Rivista "IBC" XXV, 2017, 3
musei e beni culturali, territorio e beni architettonici-ambientali, biblioteche e archivi / editoriali
Mentre l’Istituto per i beni artistici naturali e culturali (IBACN) continua, come testimonia anche questo numero della rivista, a monitorare eventi e innovazioni significativi in Regione, si fa più nitida, a mio avviso, la questione della natura dell’Istituto. E ciò non perché vi sia ancora un progetto assestato – per testare il quale credo sia necessario almeno un’arena pubblica di dibattito –, ma perché è del tutto evidente la necessità di stabilire con una certa chiarezza i confini di questo oggetto “anfibio”, in parte luogo di elaborazione e di ricerca autonomo, in parte di fatto articolazione operativa della Regione per ciò che riguarda il settore Biblioteche, Archivi, Musei e Paesaggio. A rendere le cose più fluide è poi il fatto che le persone che svolgono attività in Istituto hanno compiti che attengono ora all’uno ora all’altro aspetto e sovente hanno costruito attraverso questa duplice relazione un profilo professionale peculiare.
Mi pare assodato un elemento: la scelta della Regione di procedere alla riconfigurazione dell’IBACN in senso autonomo; diversamente, nello scorso mese di maggio, si sarebbe potuto procedere allo scioglimento dell’Istituto e alla sua confluenza nell’Assessorato. Posizione legittima e anche sostenuta da diversi in Regione, che tuttavia non ha trovato il consenso in primo luogo del Presidente Bonaccini e dell’Assessore Mezzetti, i quali hanno invece puntato – a mio avviso giustamente, data la vicenda del tutto originale alle nostre spalle – sul rilancio della struttura.
In questi mesi, tuttavia, mi sono reso conto che c’è un doppio binario da seguire: quello del dialogo interno alla Regione Emilia-Romagna, per ciò che riguarda la definizione delle funzioni, in una prospettiva di franca e chiara cooperazione; e quello del ruolo esterno, affinché il capitale reputazionale dell’Istituto, che è rilevante, sia messo al servizio di un progetto culturale leggibile e pienamente legittimato in ambito nazionale ed europeo. Quale progetto?

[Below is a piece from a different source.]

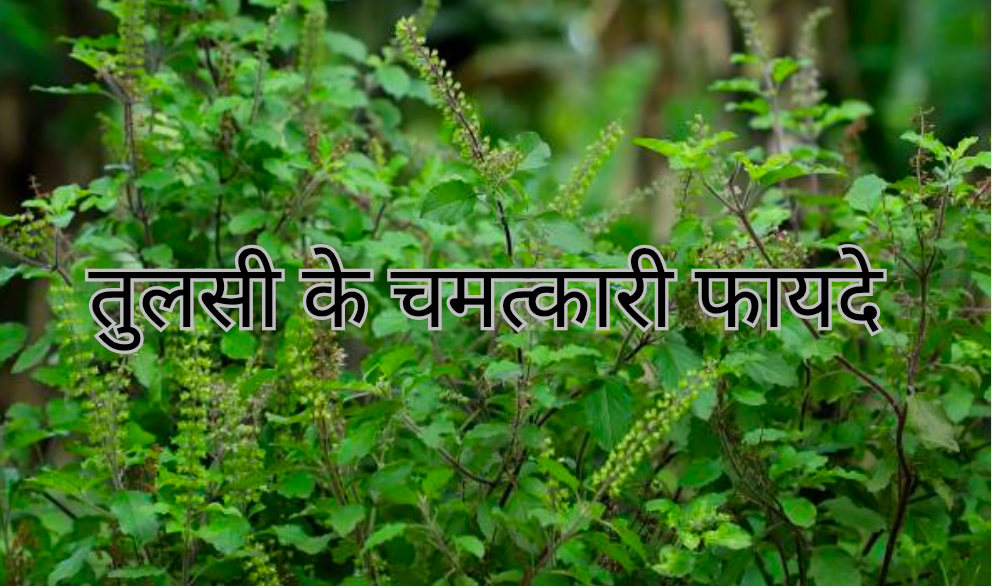 तुलसी के चमत्कारी फायदे 20250129 115250 0000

L’ultima occasione d’incontro propiziata da ICOM (International Council of Museums) a Bologna, pochi giorni fa, ha indicato una traccia plausibile: la possibile convivenza di due idee di patrimonio, quella nazionale – incardinata sul Codice del 2004 – e quella internazionale/europea – incardinata sulla Convenzione di Faro del 2005 –, che attingono a due visioni notevolmente diverse e all’apparenza difficilmente conciliabili. Da un lato, le istituzioni e i beni, col loro inevitabile modello gerarchico, d’impronta tecnica e “statale”; dall’altro, la domanda di partecipazione, di narrazione, di “risorse immateriali” che va diffondendosi nelle società (non solo nella nostra), e che nel punto medio del territorio deve trovare un assetto sostenibile. ICOM ha provato ad elaborare un’ipotesi di convergenza con la Carta di Siena del 2014, ma si tratta ancora di una visione, di un’idea abbozzata (quella della “comunità di paesaggio” imperniata sul museo come luogo “d’interpretazione”). Abbiamo bisogno di laboratori territoriali per sperimentarla, ripeto in una dimensione transnazionale: l’Emilia-Romagna può essere uno di questi laboratori.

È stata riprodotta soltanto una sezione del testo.